[What the exercise asks]
Return only the lines from the start of the records through the line that contains "Poster A trenching", inclusive; leave out all pictures.

[Records from a data source]
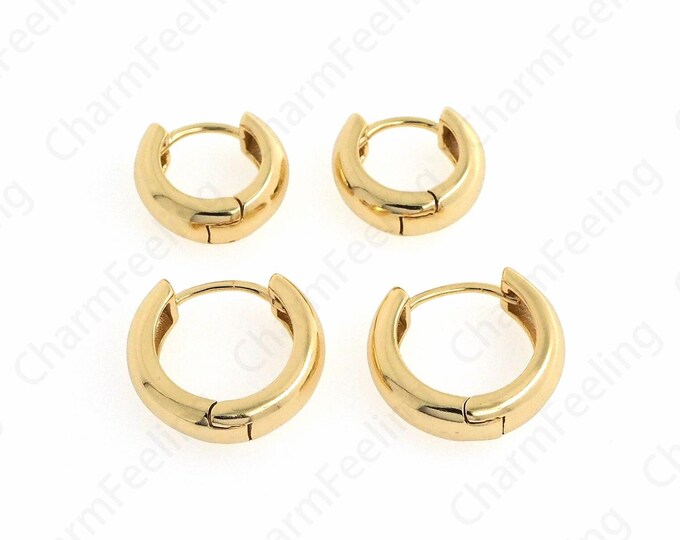 Dainty Earrings,18K Gold Filled Round Earrings,Micropavé CZ Gold Earrings,Round Pendants,DIY Jewelry Accessories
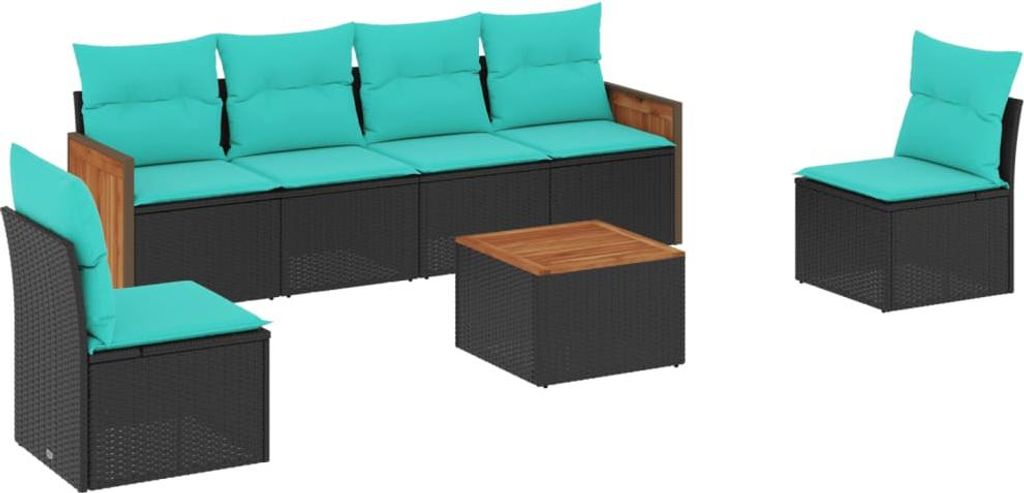7-teiliges Gartensofa-Set mit Kissen, schwarzes Polyrattan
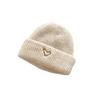 2Pcs/Set Knitted Hat Scarf Set Heart Embroidery Pattern Kids Brimless Hat Long Scarf Set Soft Breathable Winter Accessory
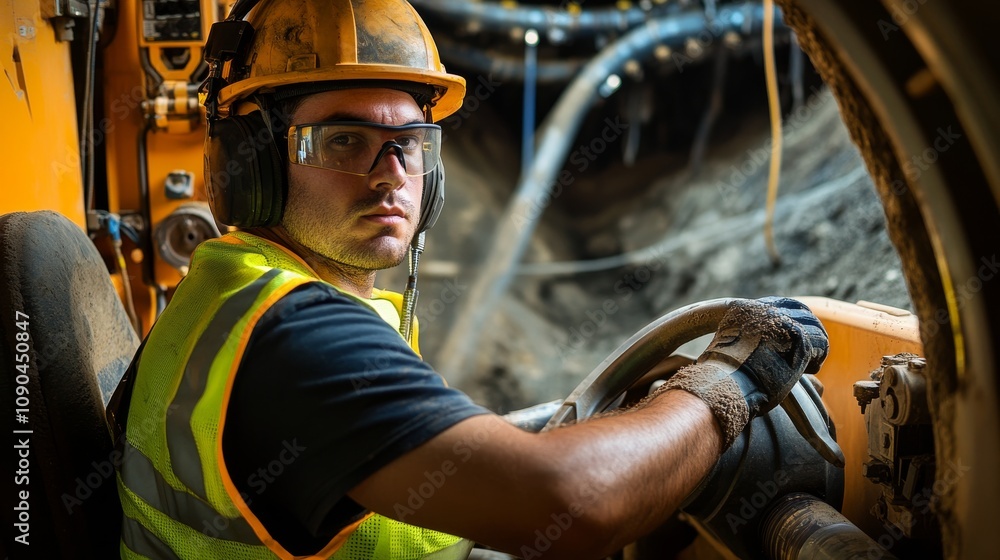 Poster A trenching operator in a reflective vest and helmet, controlling a trenching machine and looking into the camera, with deep trenches and piping around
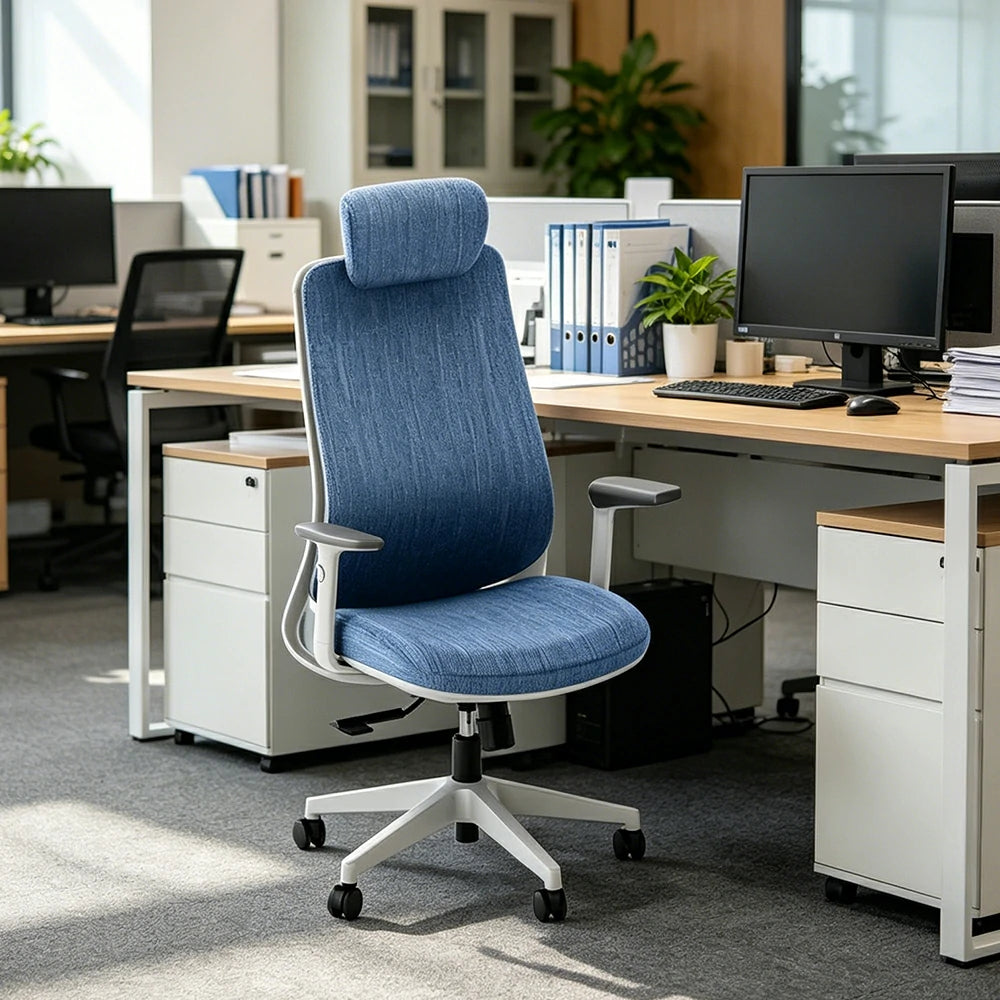 LIVARA  High Back Ergonomic Mesh Office Chair Adjustable Armrests Self Weight Base Computer Chair - Blue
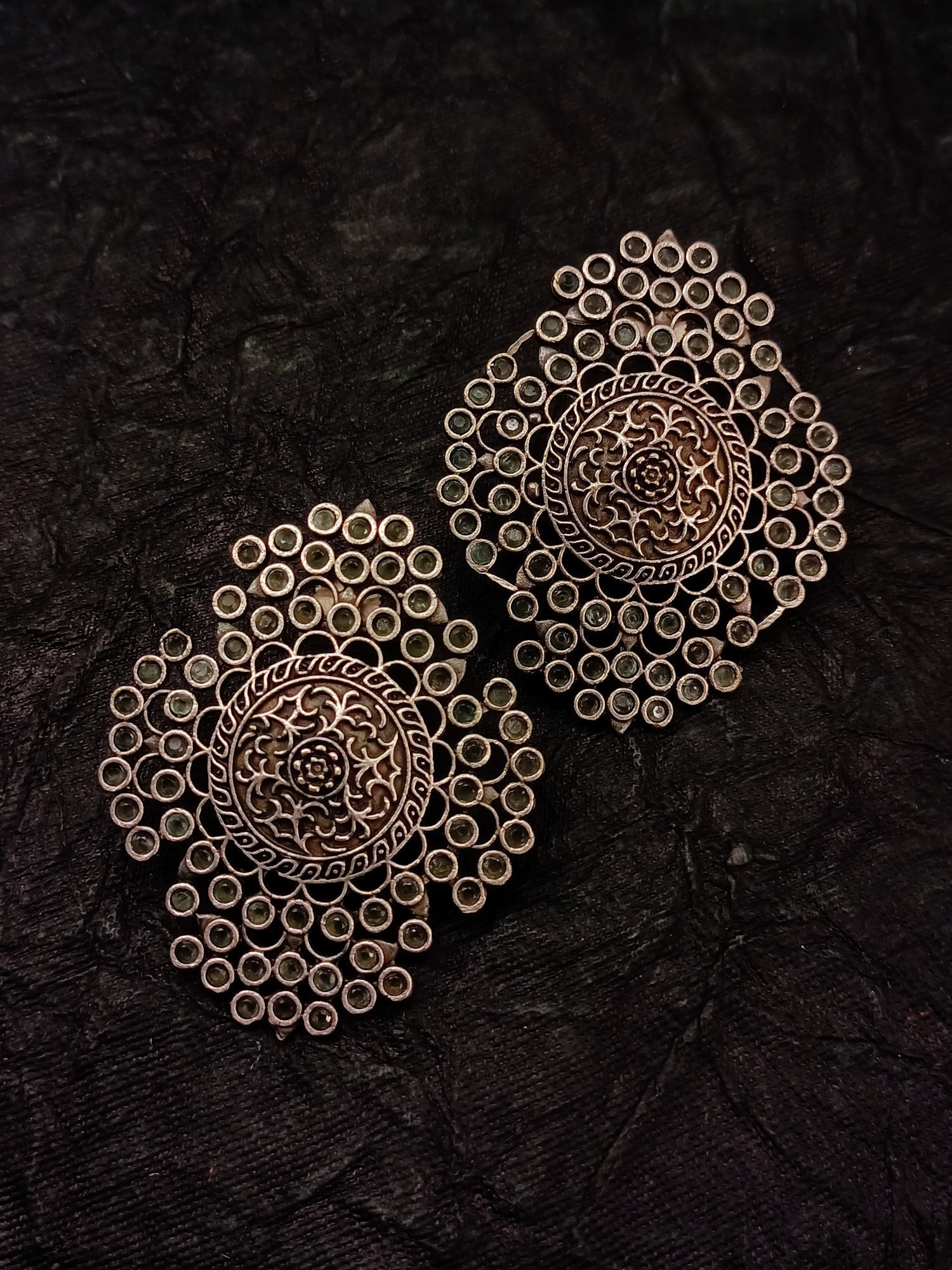 Areeka Big Oxidised Stud Earrings In Mint Green - qivii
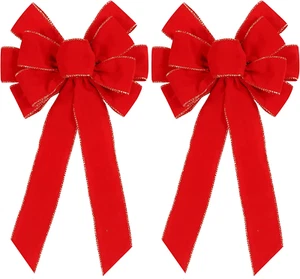 2 Pack Red Christmas Bows Outdoor Decorations,12”X20” Large Christmas Tree To... - Picture 1 of 2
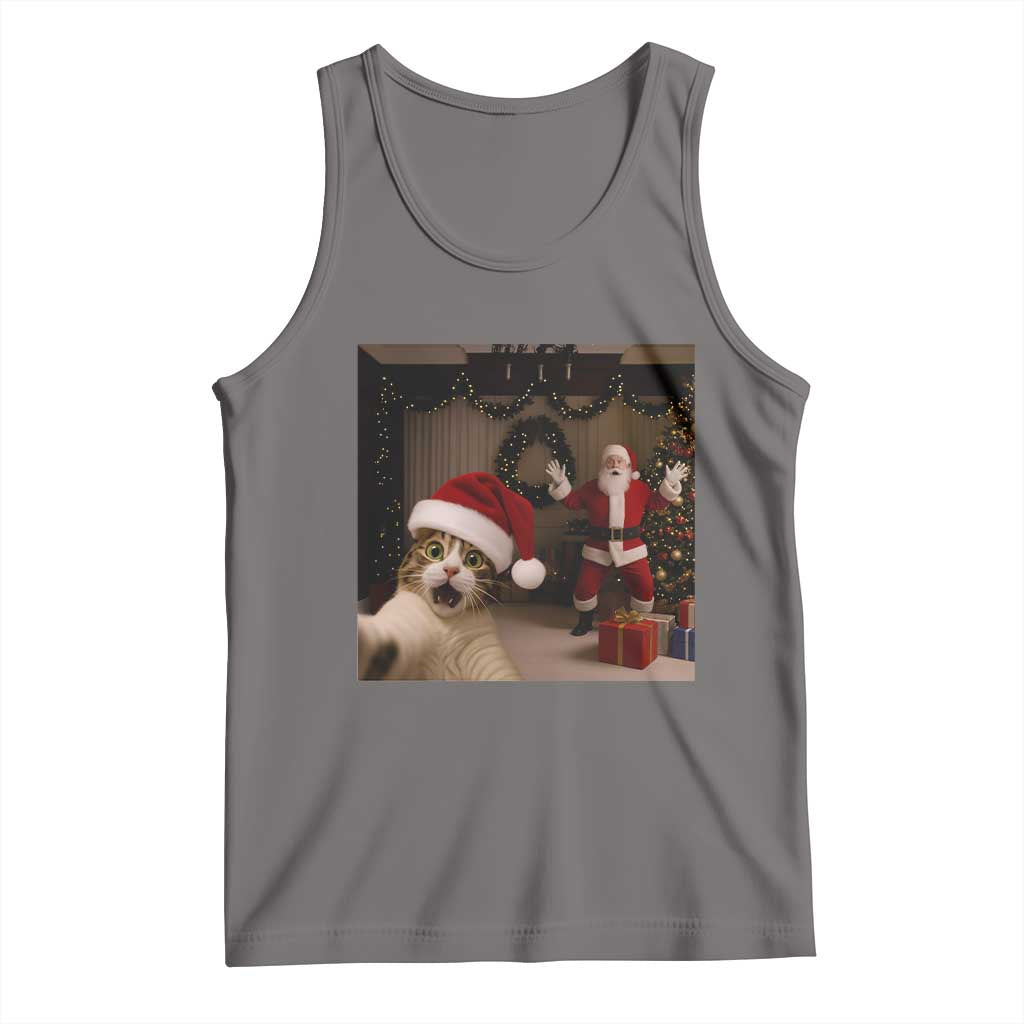 Funny Cat With Santa Selfie Christmas Tank Top - Wonder Print Shop
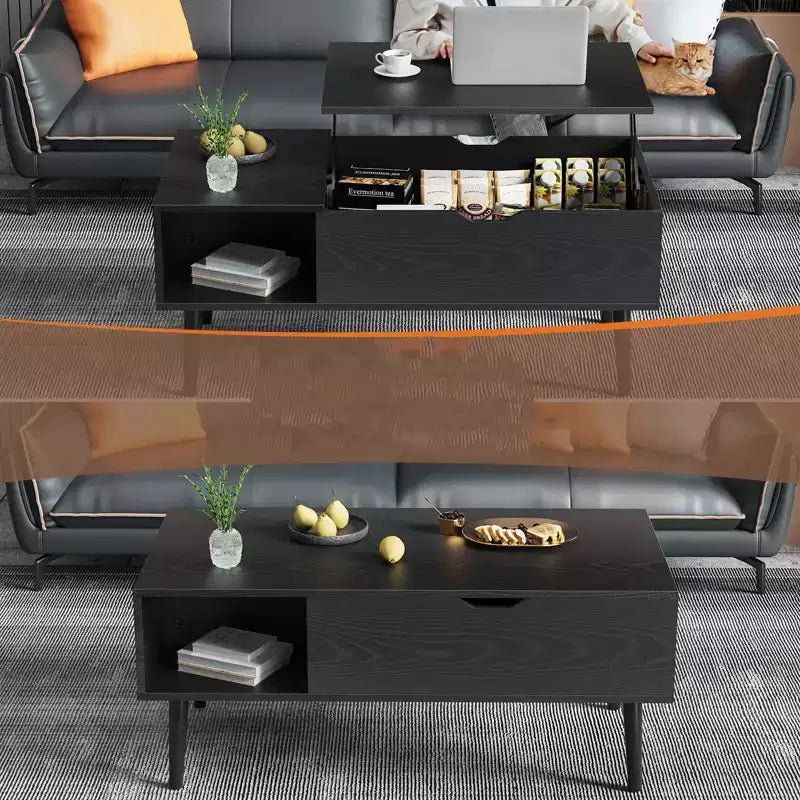 Table basse relevable JIONJOY avec rangement dissimulé, pieds en bois pour salon, petits espaces - Nettoyage facile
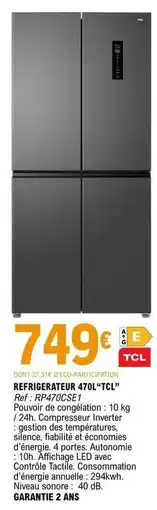 E.Leclerc Tcl - refrigerateur 410t-tgl offre
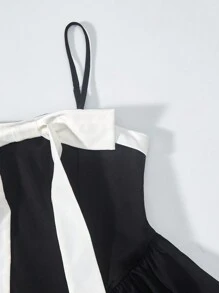 Vestido de alças com laço bonito para adolescente, adequado para o verão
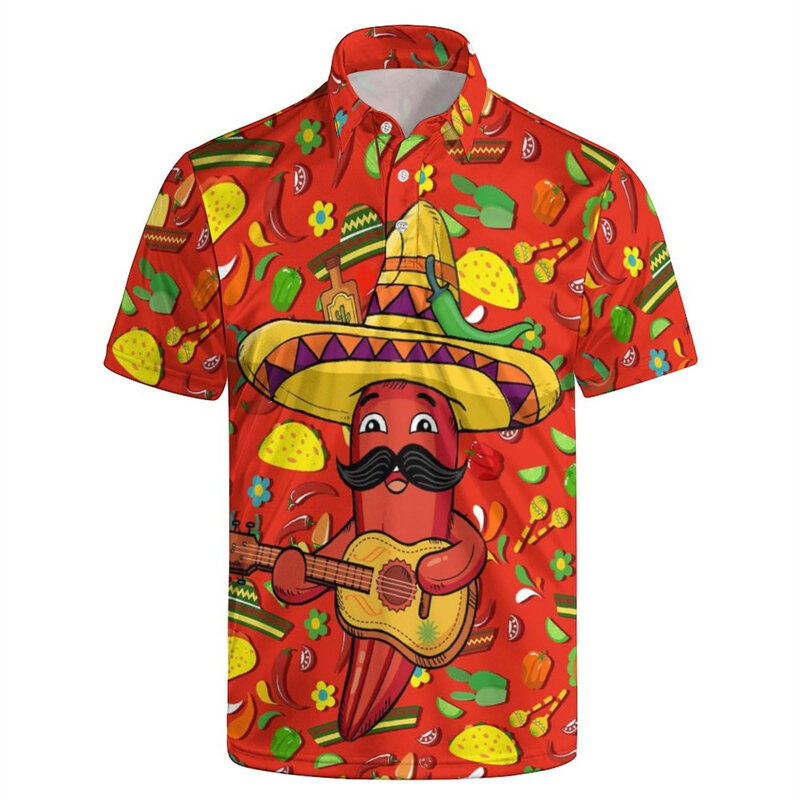 Camisa polo casual de manga curta masculina, camisa de botão, milho engraçado Tops estampados em 3D, moda, nova, 2024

[Result for this task]
 Dainty Earrings,18K Gold Filled Round Earrings,Micropavé CZ Gold Earrings,Round Pendants,DIY Jewelry Accessories
7-teiliges Gartensofa-Set mit Kissen, schwarzes Polyrattan
 2Pcs/Set Knitted Hat Scarf Set Heart Embroidery Pattern Kids Brimless Hat Long Scarf Set Soft Breathable Winter Accessory
 Poster A trenching operator in a reflective vest and helmet, controlling a trenching machine and looking into the camera, with deep trenches and piping around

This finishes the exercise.